The other purpose behind the event was to publicly thank the myriad of people who have helped get the community center up and running.

Seabright said the list includes but does not end with Kerry Taylor at Millersburg Electric, who donated the new LED gymnasium lights, Critchfield Law Office, Tom Abraham and Kevin Vaughn who have done a great deal of work in updating the sewage system, Jim Weigand who has done a lot of electrical work as a donation, Kathy Schlabach who has been the public relations person for the events at the center and the countless volunteers who have helped serve the center in so many ways.

She added that while those people have been key, it has been a complete community and countywide effort.

“Whatever we have needed, people have been there to step in and give of their time and talents and financially to make things happen,” Seabright said. “The entire process has been very interesting. We have basically started from ground level in creating a board and developing some bylaws.”

The board members were hand-picked from the first meeting the center presented. The goal was to find a group that was passionate and dedicated to seeing the center grow and become a vibrant community option.

The board includes Seabright, Michael Schlegel, secretary, Kayla Faunce, Travis Sheldon, Jess McConville, treasurer, Rick Schafer, vice president and Chad Yoder serves as a representative from Critchfield Law Office.

While the pancake and French toast offering was scratched, the board wasn’t about to let the ingredients go to waste. They got together collectively and put the ingredients to good use, making bag lunches for students in the Clark area.

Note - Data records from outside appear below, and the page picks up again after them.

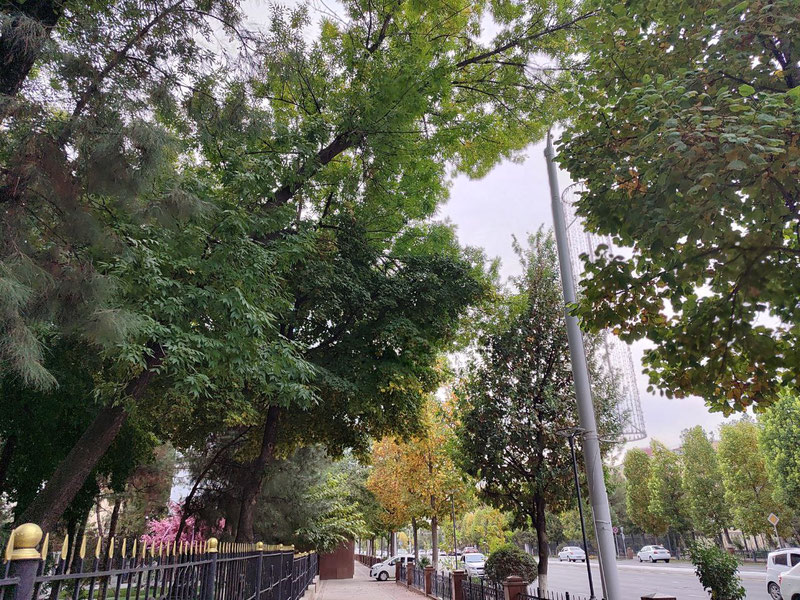 Изрображение 'К пятнице в Узбекистане немного потеплеет'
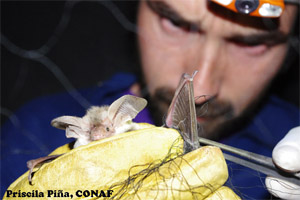 Registran una nueva especie de murciélago para Chile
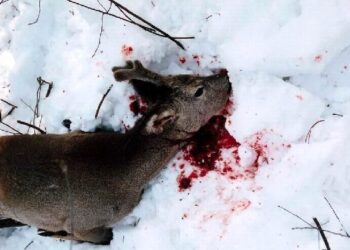 Kolbuszowa: Plaga kłusowników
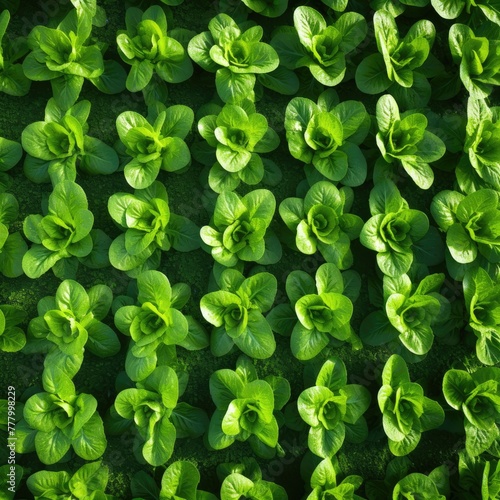 salad plantation background ,top view. generative ai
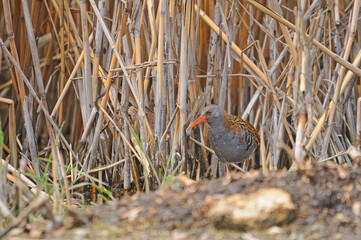Water Rail coming out of the reeds.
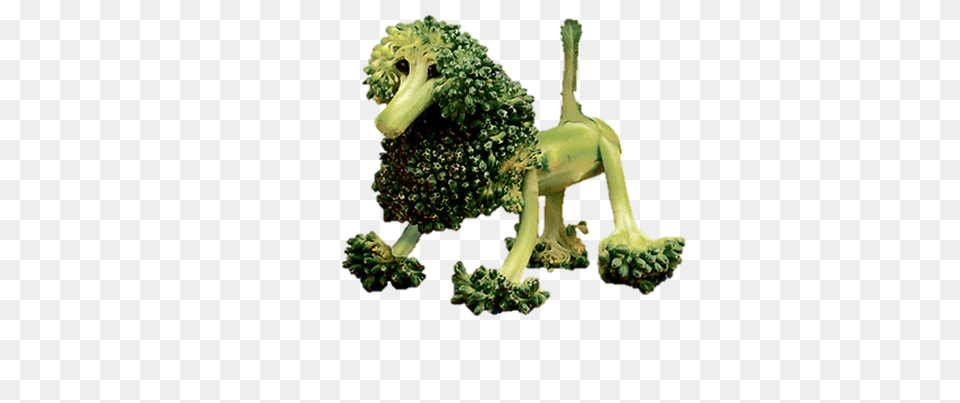 Broccoli, Food, Plant, Produce, Vegetable Png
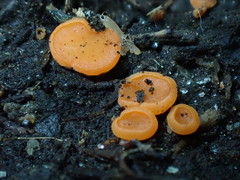 Pulvinula convexella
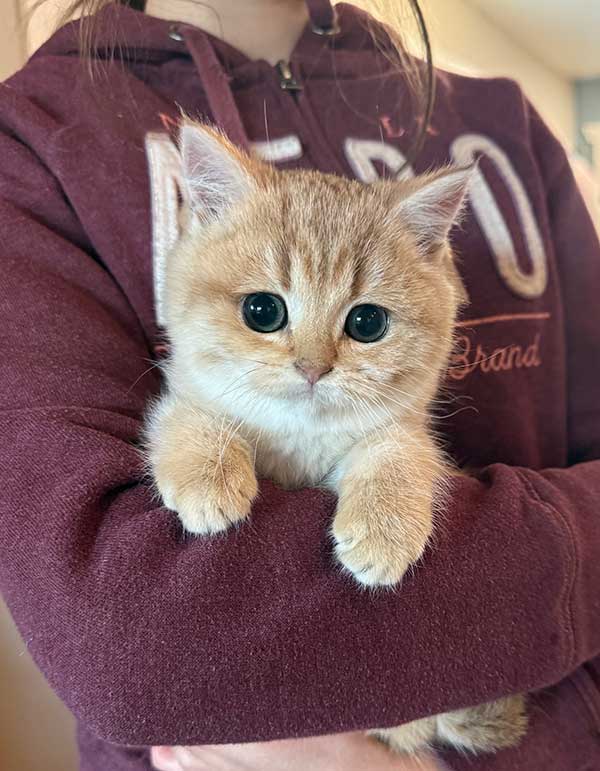 TWELVE WEEK OLD PUREBRED BRITISH SHORTHAIR KITTENS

They made lunch bags filled with peanut butter and jelly or cheese sandwiches, hardboiled eggs, carrots and celery and a juice box.

“Because we have a pastry chef sitting on our board in Jess, she can do all kinds of fun things for us,” Seabright said. “The food isn’t just for kids either, it is for seniors and anyone who is in need of a meal.”

The next big event, should the virus ease and people can get back out in gatherings, is the April 18 CCC Auction, which Seabright said is up in the air right now. They have already held monthly fundraisers like euchre tournaments, cake walks and other gatherings.

The building also is now home to Shine Bright Dance Studio, owned by Rachel Reynolds. Seabright said the dance studio has been a wonderful addition. She said there are still opportunities for other small businesses and the board has been doing event rentals of both the gymnasium and the classrooms.

“Right now, it’s all about taking baby steps,” Seabright said, “but we are excited and have a passionate group who want to see this center grow into something special.”